Michael Les Benedict, Professor of History, The Ohio State University, received his B.A. and M.A. from the University of Illinois at Urbana/Champaign, his Ph.D. from Rice University. His research areas are nineteenth-century U.S. Legal and Constitutional History and the Civil War and Reconstruction. He has been an NEH fellow, a Guggenheim fellow, a Woodrow Wilson fellow and a Fulbright Senior Lecturer in Japan, and currently is the Samuel I. Golieb Research Fellow, New York University School of Law, and a Ford Fellow, American Council of Learned Societies. He has published articles in the American Historical Review, the Journal of American History, Journal of Southern History, Civil War History, and the Supreme Court Review and other legal and historical journals. His books have included The Impeachment and Trial of Andrew Johnson (1973), A Compromise of Principle: Congressional Republicans and Reconstruction, 1863–1869 (1974), The Fruits of Victory: Alternatives in Restoring the Union (1975), (1986). He has in press an extended essay, "Civil Rights and Liberties," for the American Historical Association Bicentennial Essays on the Constitution.

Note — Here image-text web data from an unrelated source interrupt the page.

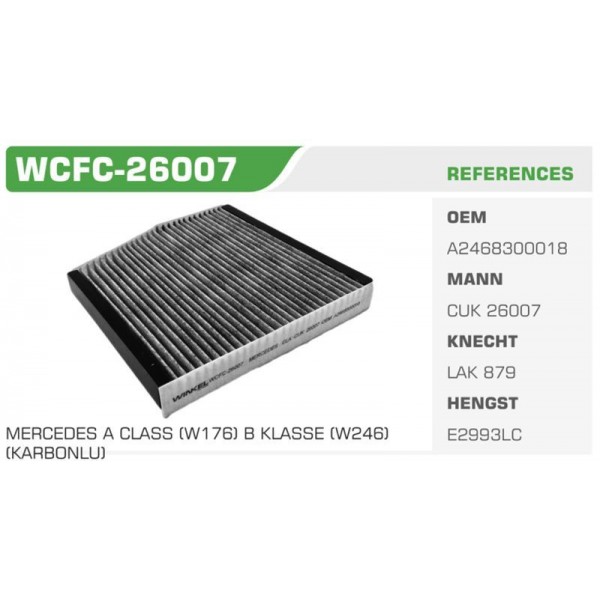 WINKEL WCFC-26007 POLEN FILTRESI MERCEDES W176 W246 W117 12-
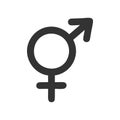 Male and female 2 in 1 sign. Bigender, intersex, androgynous, hermaphrodite symbol isolated on white background. Vector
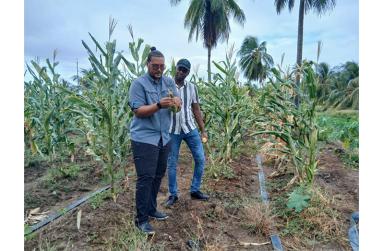 Yannick Roberts in the fields, his ideal place of work.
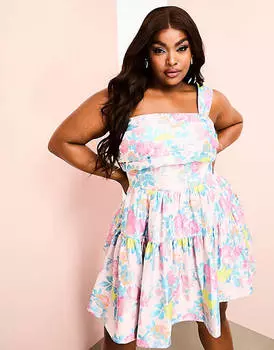 Жаккардовое мини-платье мини ASOS LUXE Curve синего и розового цвета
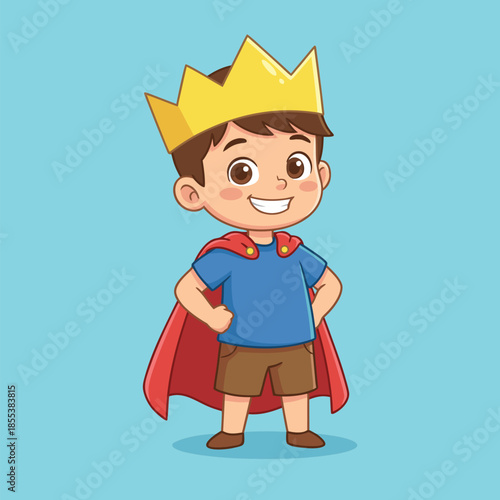 Cute cartoon boy wearing a crown and a red cape.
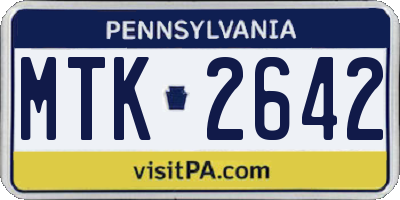 PA license plate MTK2642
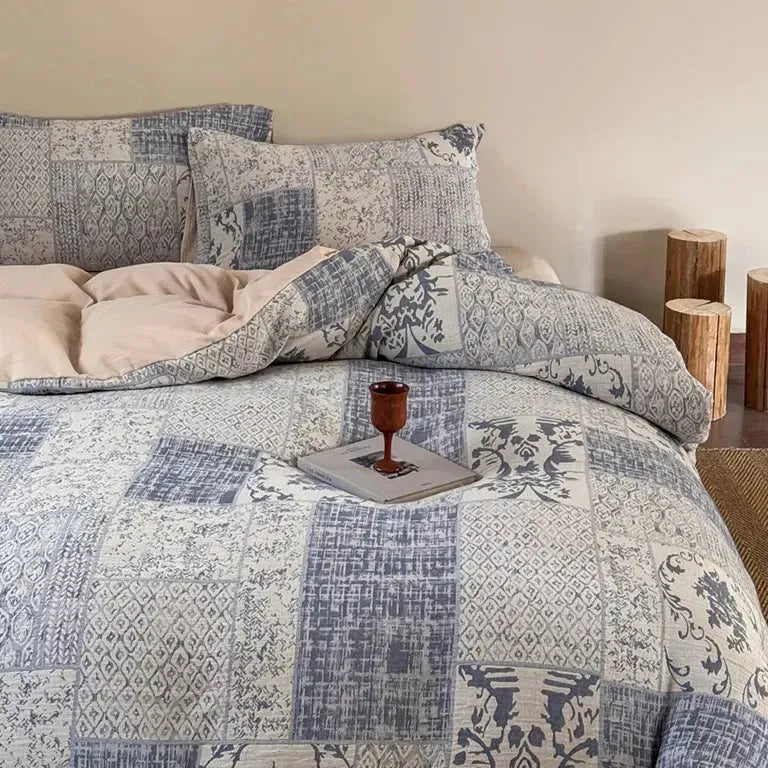 Vintage Patchwork Style Cotton Jacquard Duvet Cover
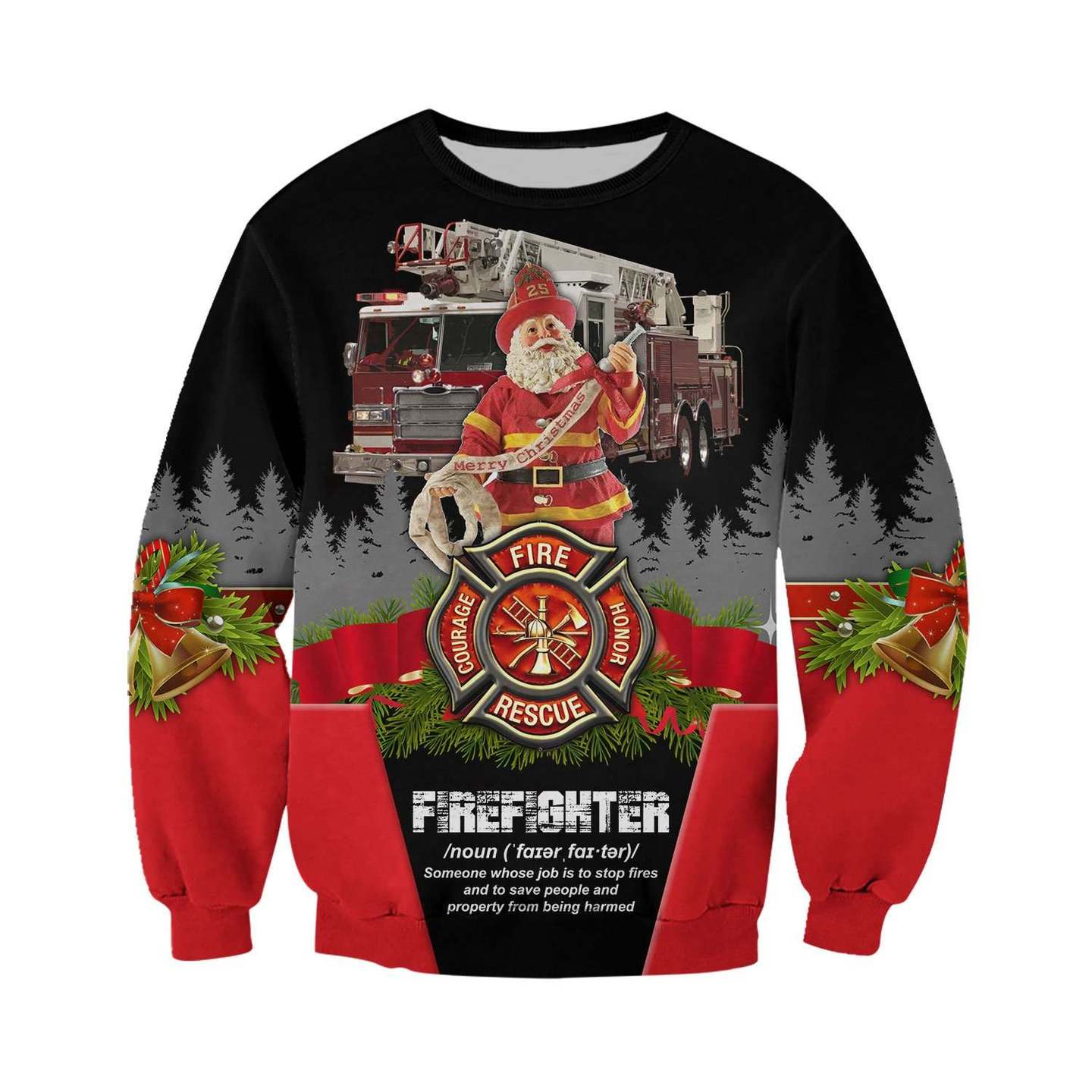 SANTA FIREFIGHTER 3D ALL OVER PRINTED SHIRTS MP827 - Amaze Style™-Apparel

Herman Belz, Professor of History, University of Maryland, College Park, received his A.B. degree from Princeton University, his M.A. and Ph.D. from the University of Washington. He teaches nineteenth-century American Legal and Constitutional History at the University of Maryland, where he has been on the faculty since 1966. He received the Albert J. Beveridge Award for his first book, Reconstruction and the Union: Theory and Policy during the Civil War (1969). He has written two other books, A New Birth of Freedom: The Republican Party and Freedman's Rights, 1861–1866 (1976), and Emancipation and Equal Rights: Politics and Constitutionalism in the Civil War Era (1978), and joined Alfred H. Kelly and Winfred A. Harbison as co-author of the sixth edition of The American Constitution: Its Origin and Development (1983). He has published articles in the American Journal of Legal History, Journal of American History, Reviews in American History, and the Review of Politics, in addition to contributing to the American Spectator and Commentary. He has received numerous awards and fellowships including a Guggenheim Fellowship. He delivered the Seventh Annual McMurtrie Lecture at the Louis A. Warren Lincoln Library and Museum in 1984 on the subject "Lincoln and the Constitution: The Dictatorship Question Reconsidered," published later the same year under the same title.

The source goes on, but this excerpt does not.